Oleh: Mr.Nomen
Nona Kampung Dari Biak Timur Yang Sukses Karena Hati Yang Berloyalitas Tinggi. Olipa, Perahi Gelar Dokter Terbaik Di Uncen Papua.
(2005)
Olipa, nona kerdil yatim piatu telah hidup lama di kampung kecilnya sejak dilahirkan oleh mamanya yang berasal dari kampung kecil yang menempel di pantai wilayah Biak Timur. Olipa dengan mamanya hidup di kampung itu sejak bapanya bertemu dengan mamanya. Olipa sudah berumur dua belas tahun dan bapaknya meninggal ketika Olipa dalam kandungan mamanya. Saat ini nona kecil itu tinggal dengan adik laki-laki dari mamanya (om) di kampung Opiaref yang berdekatan dengan Sekolah. Olipa sudah duduk di kelas tiga SMP Negeri 2 Biak Timur. Kehidupan Olipa sangat bertradisional, hidup ditengah-tengah masyarakat yang berbudaya. Lahir dan besar dalam keluarga yang sederhana namun keluarga Olipa selalu bahagia ketika bertemu pantai yang indah dan alam yang hijau. Olipa bahagia bersama dunianya.

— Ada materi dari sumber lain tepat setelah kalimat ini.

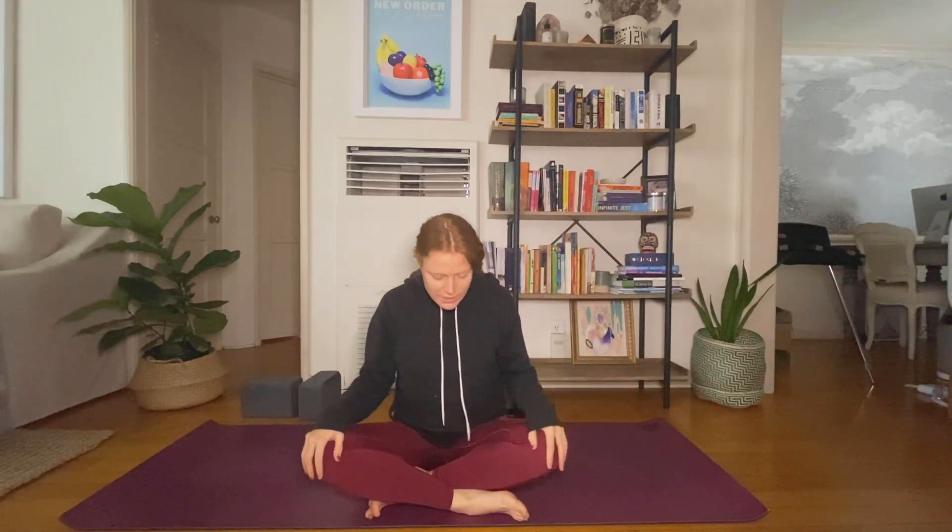I will leave you all resting here — take your time. Thanks so much for joining me, please like the video and subscribe to the channel if you haven't yet. Until next time, have a wonderful day.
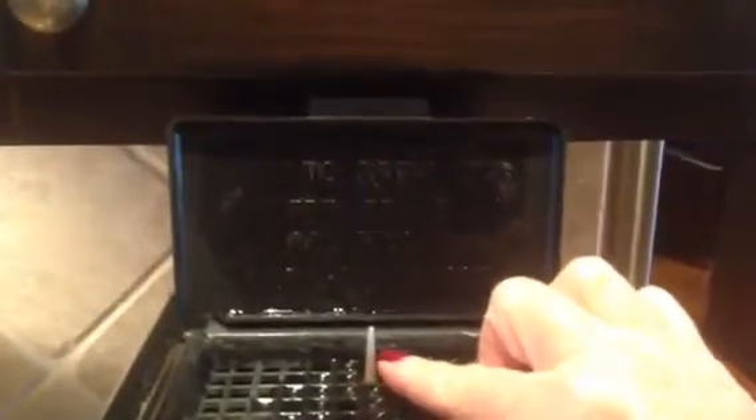The next step is you would open the lid — this is the area where you would add your water. So you pour your water in here. You can see this little mechanism here.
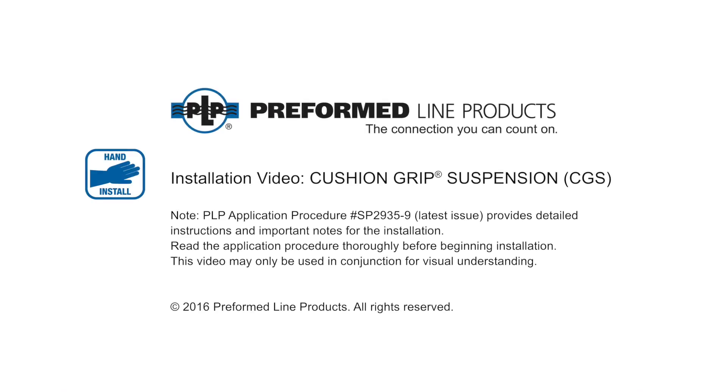Welcome to Preform Line Products. The following presentation illustrates the recommended hand application of the cushion grip suspension, or CGS.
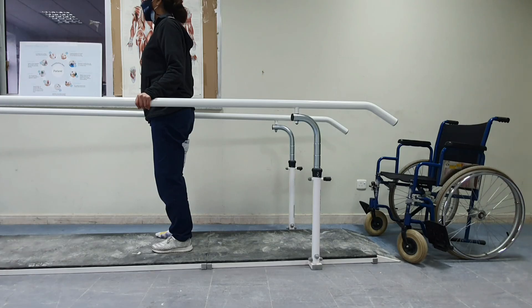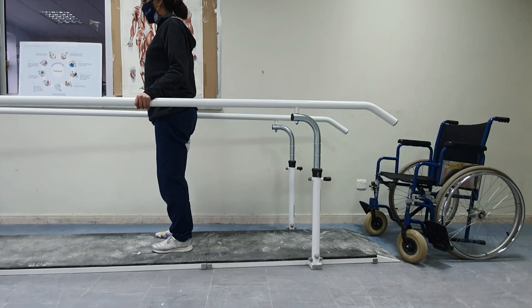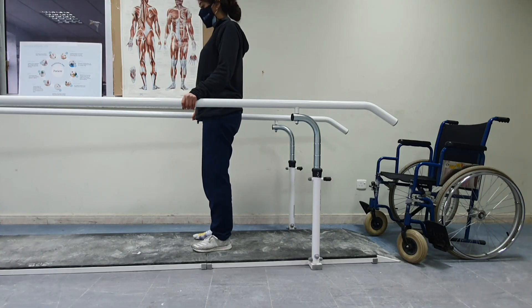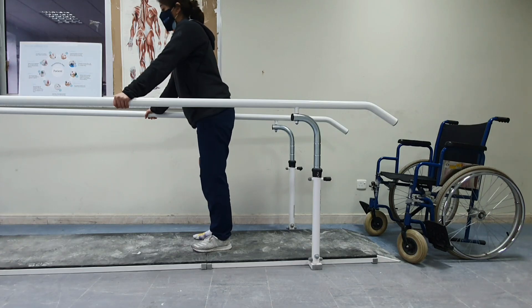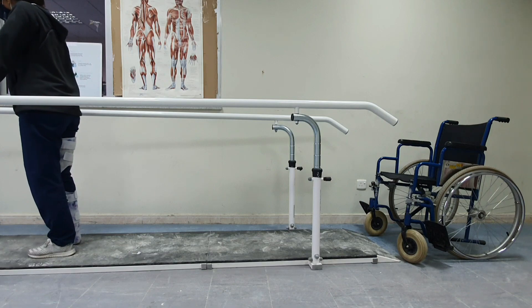Once the patient masters four-point gait, we move to the swing-through pattern. This relies on the push-up just learned: the patient moves both arms forward, performs a push-up, and using the head-hip relationship advances their legs forward by moving the head back. This is the swing-through gait.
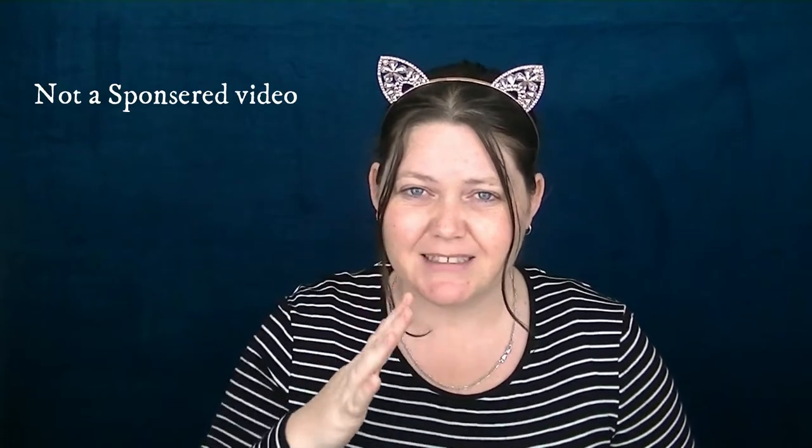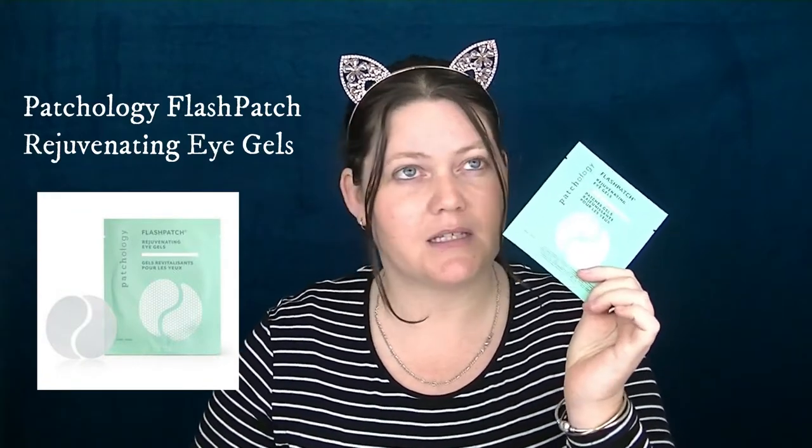Hey guys, welcome to Year Now Beauty. My name is Tanya and today I'm going to be your personal little guinea pig. I am currently doing some skincare change-ups at the moment, so I thought that instead of doing something like a mask or a moisturiser, that I would do an eye patch. Because currently I don't use any eye creams or anything to do with my eyes and they've been feeling quite eh. And yeah, if you're interested in seeing how this goes, stay tuned.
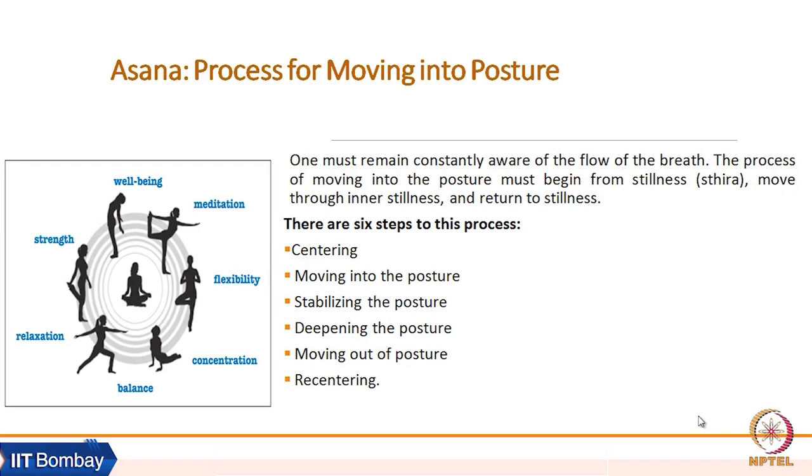Professor Parker mentions six steps. The first step in performing any asana is centering — bringing back our attention to our body, bringing back our attention to where we are.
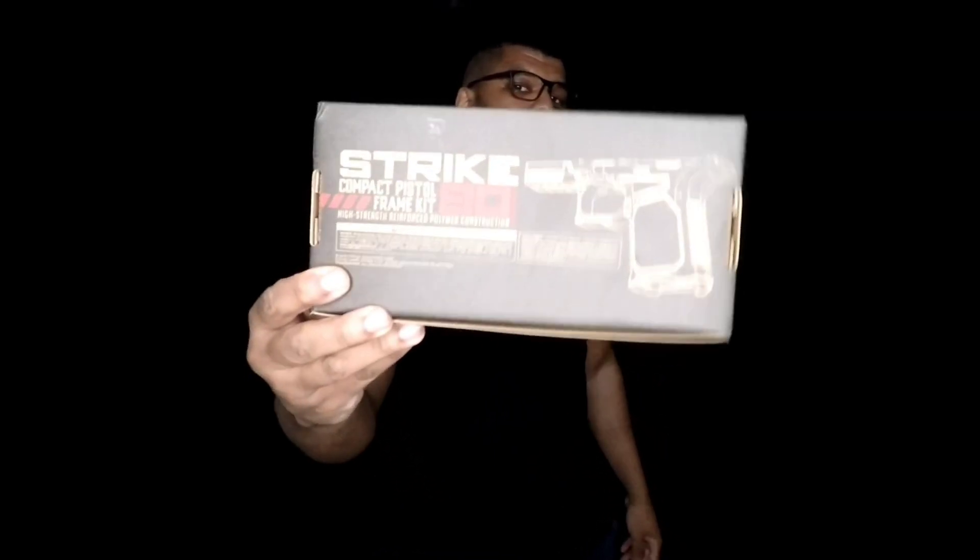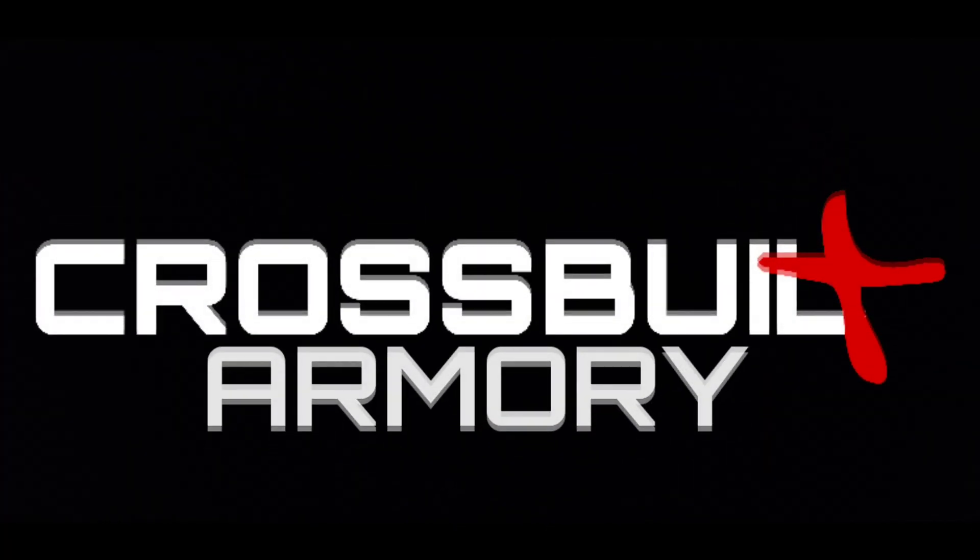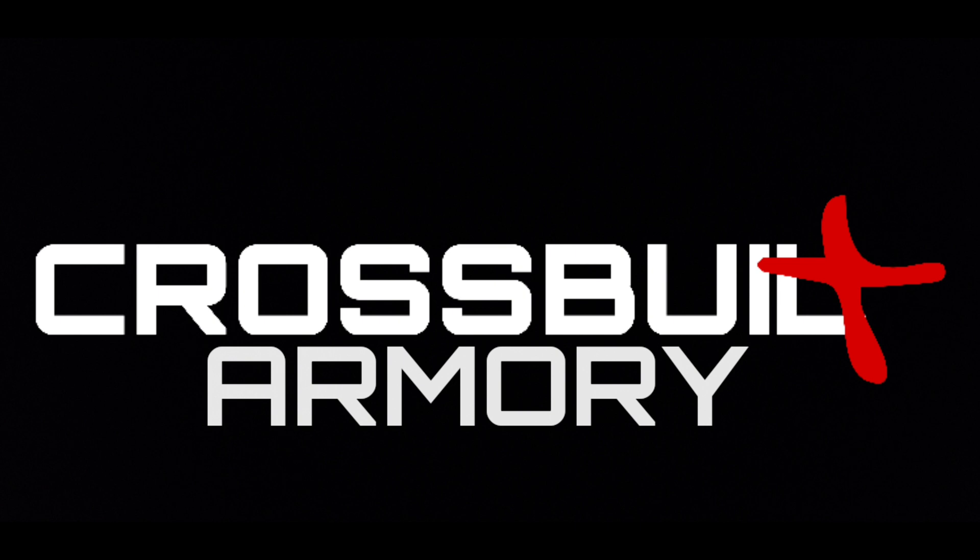The Strike 80 80% frame is finally back in stock. Hey, what's going on world? It's William with the CrossFit Army Holster Company. There is one thing that I love as much as shooting and making holsters, and that is building guns.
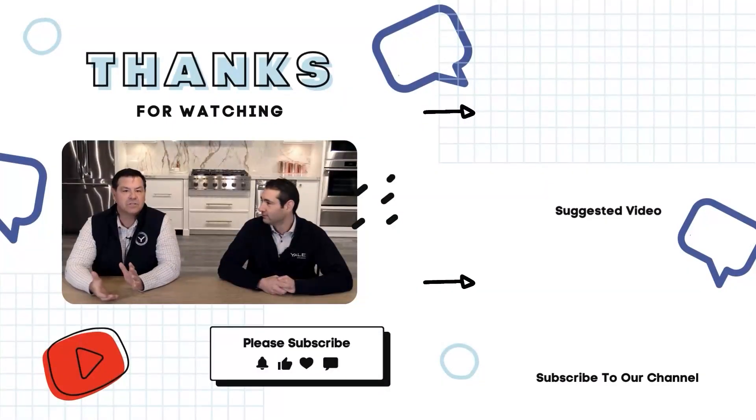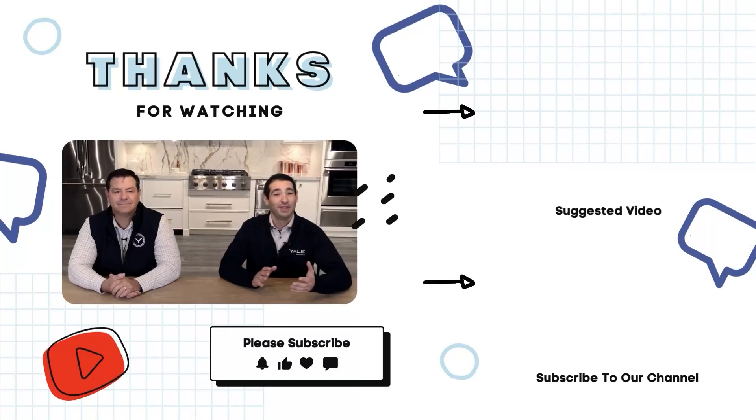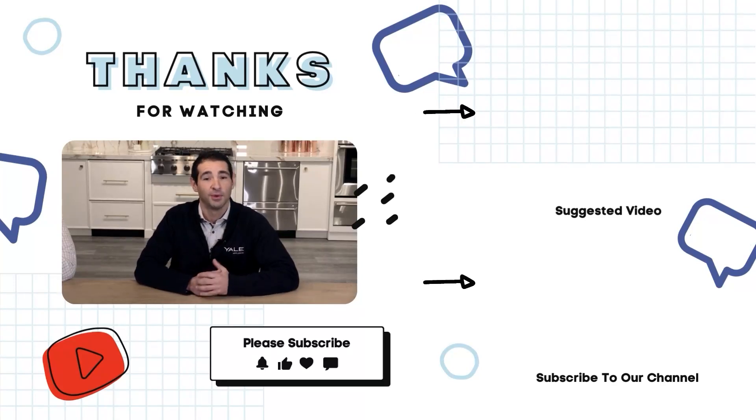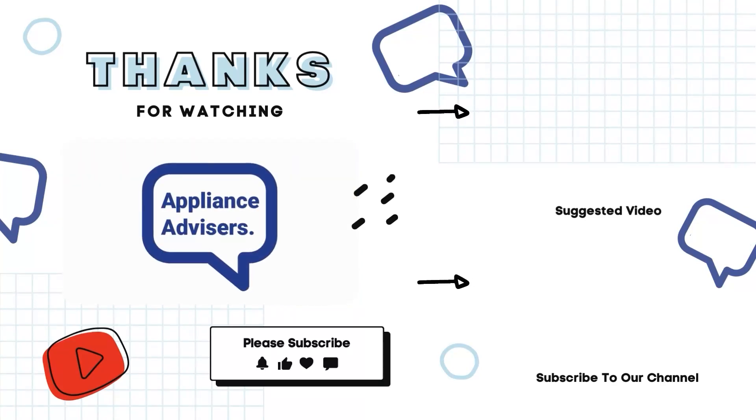Don't forget to follow us on social media for appliance tips and updates from Yale Appliance. Your feedback is what shapes our series. Like what you saw? Give us a thumbs up, share it with your friends, and drop your thoughts in the comments below — we love hearing from you. Stay informed and inspired on all your appliance needs. This is Appliance Advisors signing off.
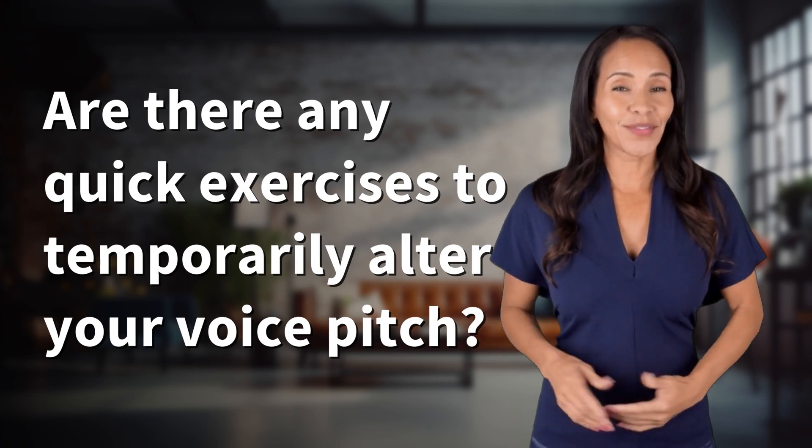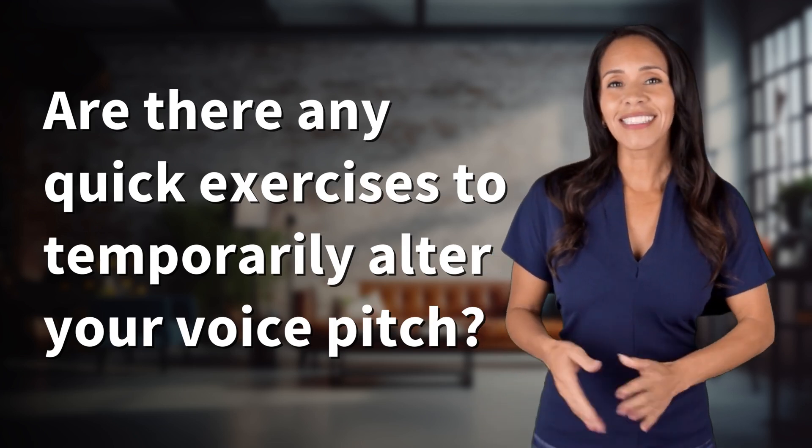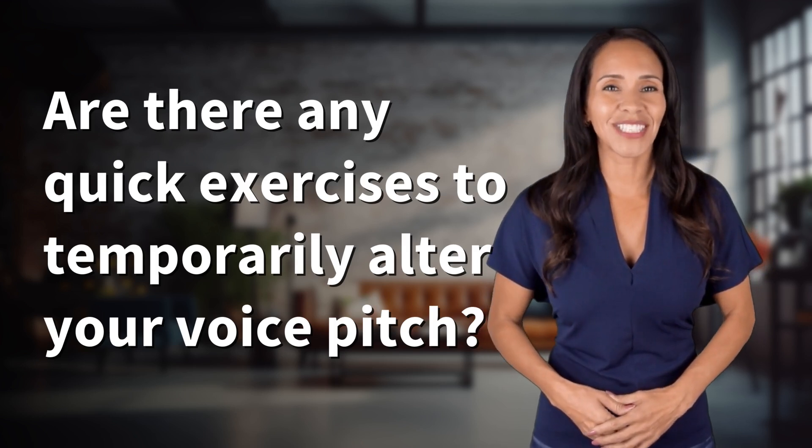Feeding your curiosity, fueling our passion. Let's satisfy our quest for knowledge with today's question.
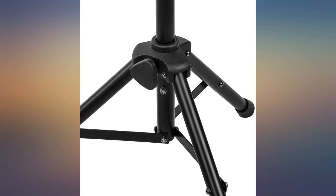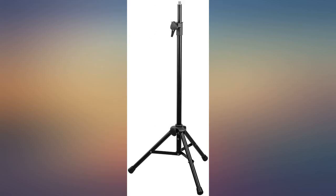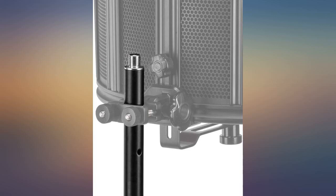It will also support some very heavy microphones, although you will need to carefully select an appropriate boom if you use it as such.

Pantai yang indah sudah menjadi halaman rumah, hari-hari bersama angin pantai dan dengan bunyi ombak yang berdatangan memukul bibir pantai. Olipa berasal dari keluarga pantai yang ramah lingkungan dan akrap dengan lautan yang selalu memberi kehidupan yang bermakna bagi keluarganya. Olipa anak yang rajin bekerja di rumah dan dengar-dengar gurunya di sekolah. Selama di bangku SMP, Olipa sering membantu guru walinya, dan tidak terhindari dari kegiatan gereja yang ditekuni sesuai agama yang diajarkan oleh mamanya sejak kecil.
(2006)
Olipa semakin bertambah usia, semakin meranjak usia remaja, di masa pubertas. Tepat di tahun 2006 Olipa dan teman-teman lulus dari Sekolah Menengah Pertama (SMP N2 ). Olipa dengan teman-temannya akan mendaftar rame-rame di SMA Negeri 1 di Kota Biak. Setelah di terima di SMA Negeri 1, Olipa ikut Lince teman kelasnya untuk tinggal bersama keluarganya di kota. Sekitar satu tahun tinggal bersama keluarga Lince di kota, Olipa tidak kesulitan makan dan uang SPP karena Olipa rajin bekerja dirumahnya Lince. Orang tua dari Lince senang atas kehadiran Olipa hanya karena Olipa rajin kerja dan suka dengar-dengar.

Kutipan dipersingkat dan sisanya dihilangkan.